Nevertheless, it is an interesting question, and I believe we can prove that each $\mathfrak{g_j}$ is semisimple, using only the methods in Chapter 7 of my book. There are actually two issues, which I am not sure have been clearly separated in the discussion so far. First, we need to show that the decomposition of $\mathfrak{g}$ in Theorem 7.8 actually comes from a decomposition of $\mathfrak{k}$. To establish this, we first observe that if $\mathfrak{g}$ is center-free, then $\mathfrak{k}$ must also be center-free. Thus, $\mathfrak{k}$ will decompose as a direct sum of real, simple algebras $\mathfrak{k_j}$, by the same argument as the proof of Theorem 7.8. But since $\mathfrak{k_j}$ admits an Ad-invariant inner product, the proof of Theorem 7.32 shows that the complexification $\mathfrak{g_j}$ of $\mathfrak{k_j}$ is also simple as a complex Lie algebra. Then by the uniqueness result in Proposition 7.9, these $\mathfrak{g_j}$'s must be actually be the ones in Theorem 7.8.
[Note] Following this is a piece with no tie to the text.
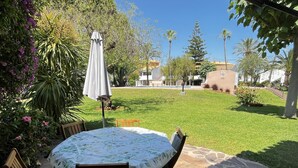 A patio with a round table and chairs, surrounded by a lawn and various plants. - Bungalow 2 bedrooms for 5 people with swimming pool in Holiday Park urbanisation (Denia)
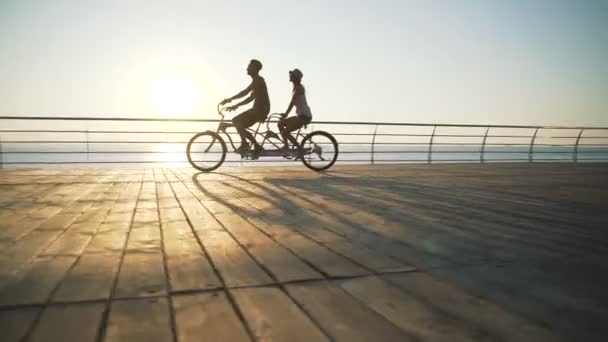 Jong koppel paardrijden tandem fiets — Stockvideo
Second, we need to show that each $\mathfrak{k_j}$ is the Lie algebra of a compact group, which would show that $\mathfrak{g_j}$ is semisimple in the sense used in the book. For this, the argument of suggested by Noah Snyder seems best: Since $\mathfrak{k_j}$ is an ideal, it is invariant under the adjoint action of $K$.The image $K_j$ of $K$ inside $GL(\mathfrak{k_j})$ is compact since it's the continuous image of the compact group $K$. Since $\mathfrak{k_j}$ is center-free, the associated Lie algebra homomorphism (the map sending $X$ to the restriction of $ad_X$ to $\mathfrak{k_j}$) will be zero on each $\mathfrak{k_l}$ with $l\neq j$ but will be injective on $\mathfrak{k_j}$. Thus, the image of the associated Lie algebra map will be isomorphic to $\mathfrak{k_j}$.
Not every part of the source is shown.